Q & A Series – Part 7
Q: Is it detrimental to put financing or home inspection conditions in an offer to purchase?
– Candace F.
A: Hey Candace,
First things first, if you find yourself in a bidding war please resist the temptation to act like Mr. Blatter and bribe everyone involved. It definitely won’t end well!
Now onto more serious matters…
If you are in a bidding war it certainly does hurt your chances to win. However, if you are not in competition with anyone else then you most definitely want to keep these conditions in the offer.
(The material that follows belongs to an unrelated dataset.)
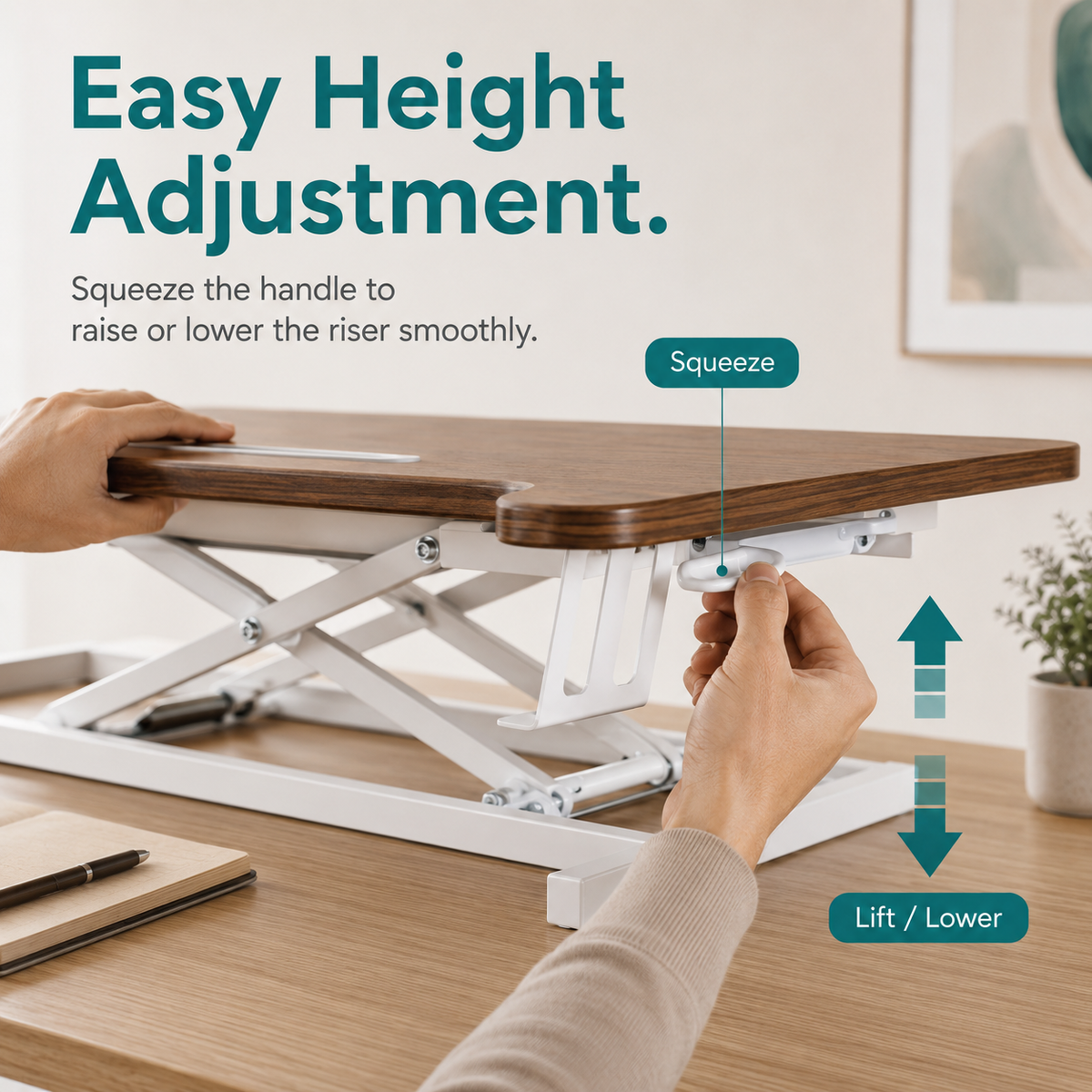 Height Adjustable Standing Desk Converter – Desktop Workstation Riser with Keyboard Tray, Dual Monitor Support & Tablet Holder, 80 x 40 cm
Let’s have a look at each condition separately:
The Financing Condition
First, what exactly does the financing condition do? Well, it allows the buyer’s lender to review the agreed upon Agreement of Purchase and Sale and give their approval (note that full mortgage approval is still not completed until just before closing) of the purchase. The deal cannot “firm up” until this condition has been fulfilled and waived by the buyer.
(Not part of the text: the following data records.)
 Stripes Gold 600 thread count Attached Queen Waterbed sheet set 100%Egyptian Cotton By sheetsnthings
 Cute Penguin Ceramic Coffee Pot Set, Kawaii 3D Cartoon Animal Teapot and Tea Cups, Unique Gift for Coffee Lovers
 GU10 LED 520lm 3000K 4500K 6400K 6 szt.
So, if for example, an issue comes to light whereby the purchase cannot be approved, the buyer is able to pull out of the deal and have their deposit returned by ways of a mutual release. A common occurrence for non-approval would be an issue coming to light about the buyer’s credit or the lender feels the appraisal is much lower than the purchase price and will not approve a mortgage of that amount on that property. This commonly happens during bidding war scenarios where buyers have paid far more than asking in order to win the bid.
The Home Inspection Condition
This one is a bit more straight forward. Once you agree to a deal, you want to have a home inspection so you can uncover any potential issues with the home. Generally, most educated buyers will do a full preapproval and, after speaking with their broker before getting into an offer, will often feel comfortable waiving the financing condition. However, a home inspection clause is usually a bit harder to forego. As an example, I had a client that purchased a home in Toronto that was over 100 years old. During the home inspection we found old knob and tube wiring and we discovered the foundation was basically wading in its own swimming pool. The costs estimated to rectify the major issues were going to be $25,000 at the very minimum. Needless to say, we decided to not waive the condition, the deposit was returned and we found another home with FAR less issues.
The Bidding War Scenario
Currently, we’re in a hot seller’s market with lots of bidding wars. Many people are removing some or often ALL conditions in order to help their chances of winning the bid.
So, how does a buyer protect themselves if they are in competition for a home?
First, make sure you are pre-approved and look for homes under that budget. If you’ve done your pre-approval and work closely with your mortgage broker, you can send them the listing ahead of time along with the range you plan to offer over listing. They should be able to confidently tell you if you can waive your financing condition.
The financing is the easy part. What do we do about the inspection?
Many agents are coaching their seller clients to do a “pre-inspection”. This means that a home inspector is hired by the seller to do a home inspection and the agent gives that report to all potential buyers. This is done in order to get buyers to remove their home inspection condition since they can feel confident that they know what issues exist on the home.
Sounds perfect, right?
Well, unfortunately not all home inspection are equal. Often times the reports are vague or incomplete. It really makes it difficult for a buyer to trust this report. So, what can they do if they know they will lose the offer if they have a home inspection condition in the offer?
Many people, if they’re completely enamoured with the home, will do their own inspection before the offer date. This allows them the ability to do an unbiased inspection and see for themselves if there are any issues that were missed. Then come offer time they can more confidently submit an offer with no conditions. This gives them a much better chance to win the bid.
The downside to this?
Essentially just the price of the inspection ($400-$500) if you don’t win the offer! However, it is well worth the price if you uncover a major issue you otherwise would have been saddled with if you won the bid.